After the drubbing BJP received in the Village or Gram Panchayat polls in Uttar Pradesh, the party is leaving nothing to chance in the District Panchayat elections, having already won eleven seats unopposed. The Samajwadi Party has complained that BJP supporters did not allow its candidates to file their nomination papers. The prospects of BJP in the District panchayat is also said to have brightened after Bahujan Samaj Party chief Mayawati declared that her party would not contest the district Panchayat elections. Samajwadi Party president Akhilesh Yadav has sacked party presidents in those districts where SP candidates failed to file their nomination.

The opposition alleged that ruling party used government machinery to ensure victory of BJP candidates in this election.

This practice is not new. When Akhilesh Yadav was in power then Samajwadi Party had won 36 seats unopposed and this included the prestigious seat of Varanasi. But the SP lost the assembly elections held a year later despite forging an alliance with the Congress. In 2010 Mayawati’s BSP had won the majority of the seats in District Panchayat elections but lost the assembly elections held in 2012.

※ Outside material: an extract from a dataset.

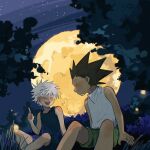  2boys black_hair black_shirt closed_eyes gon_freecss green_shorts highres hunter_x_hunter killua_zoldyck looking_at_another male_child male_focus moon multiple_boys mumian67053620 night outdoors shirt short_hair shorts sitting sleeveless spiked_hair tank_top white_hair 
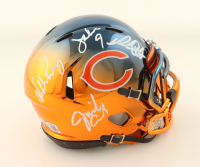 Bears Custom Chrome Speed Mini Helmet With Custom Visor Signed by (4) with Jim Covert, William Perry, Richarx Dent & Jim McMahon (Beckett & JSA) at PristineAuction.com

“In UP, winning the district panchayat election depends on buying and selling and misuse of the government machinery. BJP is using the same tactics that SP used earlier. This is the reason why we had to part ways with the Samajwadi Party government in 1995. Now the BJP is doing the same, which will result in weakening the roots of democracy," the BSP chief Mayawati said in a statement on Monday.

But the way Akhilesh Yadav has sacked 11 district presidents has raised a question whether it was prudent to take this harsh action when election in UP is just six months away.


SP leaders call it an “impulsive decision” which would be detrimental for the interest of the party ahead of the next Assembly elections. There is a belief in the party that failure of SP candidates to file papers or rejection of their nomination papers shows flaw in their election strategy. ““These elections were left to be managed by the district presidents and many of them had little experience in managing and contesting polls,” said a SP lawmaker.

The questions are also being raised over the efficacy of coordination committees constituted in each district comprising former and sitting MPs and MLAs for assisting the district president during elections. “If presidents are sacked, why action is not being taken against members of the co-odination committees,” he asked.

Though the SP leaders are unwilling to speak on record, they concede that the misuse of official machinery in district panchayat elections had become an established tradition in UP during the last 25 years and the party leadership should have factored in this element in its preparation for contesting the elections of chairpersons of district panchayats.

Elections for electing district panchayat chairpersons would be held on July 3.